High-Performance Calculations with Teradata Ordered Analytic Functions
Teradata Ordered Analytic Functions use two different methods to redistribute the data, depending on the data demographics.
Teradata Ordered Analytic Functions
Teradata Ordered Analytic Functions are useful if the result of a row is dependent on the values of previous or subsequent rows.
Here is an example:
The running sum over the last 3 days should be calculated. The following calculation steps are necessary:
- The rows have to be sorted ascending by date
- The summation is carried out by:
- The value of the current row is added to the sum of the previous row
- The value of the row that lies 3 days back is subtracted
All the above steps can be performed with a single SQL:
SELECT SUM(Amount) OVER (PARTITION BY Department_Id ORDER BY Sales_Date ROWS BETWEEN 2 PRECEDING AND CURRENT ROW ) AS RunningSum FROM Sales;
Teradata Ordered Analytic Functions & Performance Considerations
- When using Teradata Analytic Functions, it should be noted that any available compressed Join Index or Hash Index is not used.
- All rows which fall into the same partition are moved to the same AMP. This can lead to the situation that the AMP is running out of spool space.
- Since the rows of a partition are copied to the same AMP, skewing can also occur.
More specifically, Teradata uses one of 2 different methods to distribute the rows (and to reduce skew):
- If the number of different values of the PARTITION BY columns is high in comparison to the number of AMPS, the distribution is carried out according to the PARTITION BY key using the usual hashing algorithm on the partition by columns.
- If the number of different values of the PARTITION BY columns is small compared to the number of AMPS, the distribution is carried out according to ranges of key values defined by the PARTITION by columns plus the ORDER BY columns.
A Simple Trick to reduce Skewing
We can extend the PARTITION BY key or the ORDER BY with additional columns that have as many different values as possible. Of course, the additional column must not change the semantics of the query.
Here is an example, where we added a column to the ORDER BY (which of course reduces skewing only if ORDER BY columns are considered by Teradata when distributing the rows):
Original Query (Heavily Skewed)
SELECT SUM(Amount) OVER (PARTITION BY Customer_Id ORDER BY Due_Date ASC ) AS TotalSum FROM Ranges; MinAMPIO = 102 MaxAMPIO = 237
Optimized Query (Less Skewed)
SELECT SUM(Amount) OVER (PARTITION BY Customer_Id ORDER BY Due_Date ASC, QuiteUniqueColumn ) AS TotalSum FROM Ranges; MinAMPIO = 191 MaxAMPIO = 231
How to determine how the Rows are distributed?
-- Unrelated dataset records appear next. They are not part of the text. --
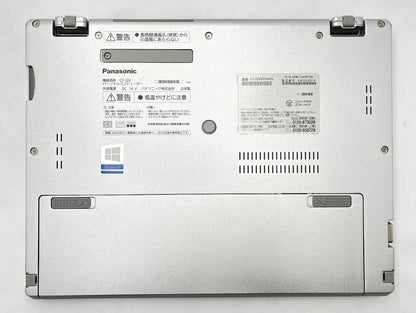 Windows11 初期設定済 │ Panasonic Let's note QV8（Corei5 メモリ8GB 12.3インチ タッチパネル）　│ 保証付き中古パソコンならコレダ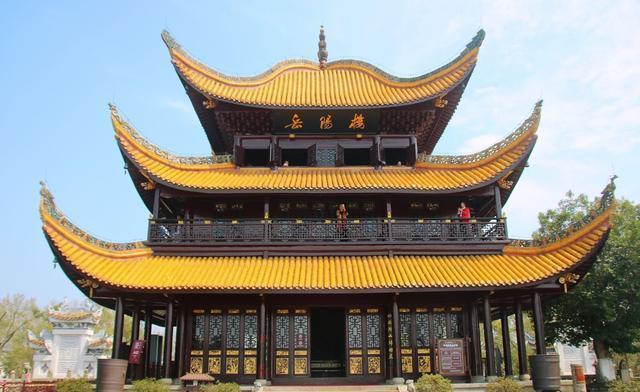 四大名楼之岳阳楼牌匾题写背后的故事，映射出深厚的哲理插图中国题字网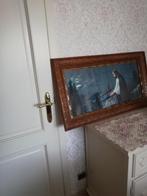 Vintage print Jezus Christus op de olijfberg, Ophalen
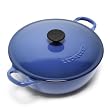 Le Creuset 2 3/4-Quart Soup Pot, Cobalt Blue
If distribution by ranges is used, can easily be found out: Check the execution plan for the statement “redistributed by value to all AMPs”
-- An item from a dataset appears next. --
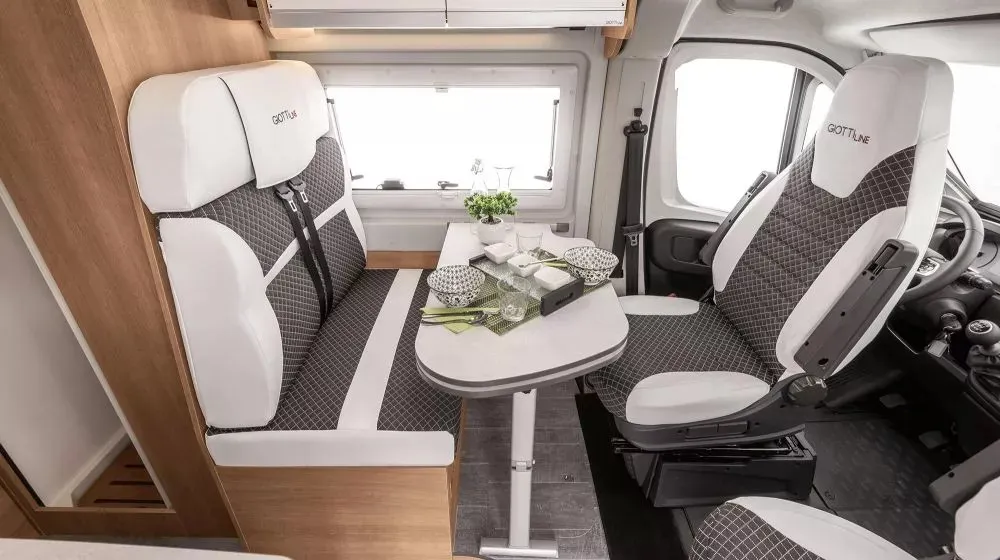 Giottiline Giottivan Inside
Explain SELECT SUM(Amount) OVER (PARTITION BY Customer_Id ORDER BY Due_Date ASC, QuiteUniqueColumn ) AS TotalSum FROM Ranges; 1) First, we lock DWHPRO.Ranges in TD_MAP1 for read on a reserved RowHash to prevent global deadlock. 2) Next, we lock DWHPRO.Ranges in TD_MAP1 for read. 3) We do an all-AMPs STAT FUNCTION step in TD_MAP1 from DWHPRO.Ranges by way of an all-rows scan with no residual conditions into Spool 5 (Last Use), which is assumed to be redistributed by value to all AMPs in TD_Map1. The result rows are put into Spool 1 (group_amps), which is built locally on the AMPs. The size is estimated with low confidence to be 293,656 rows (12,039,896 bytes). The estimated time for this step is 0.57 seconds. 4) Finally, we send out an END TRANSACTION step to all AMPs involved in processing the request. -> The contents of Spool 1 are sent back to the user as the result of statement 1. The total estimated time is 0.57 seconds.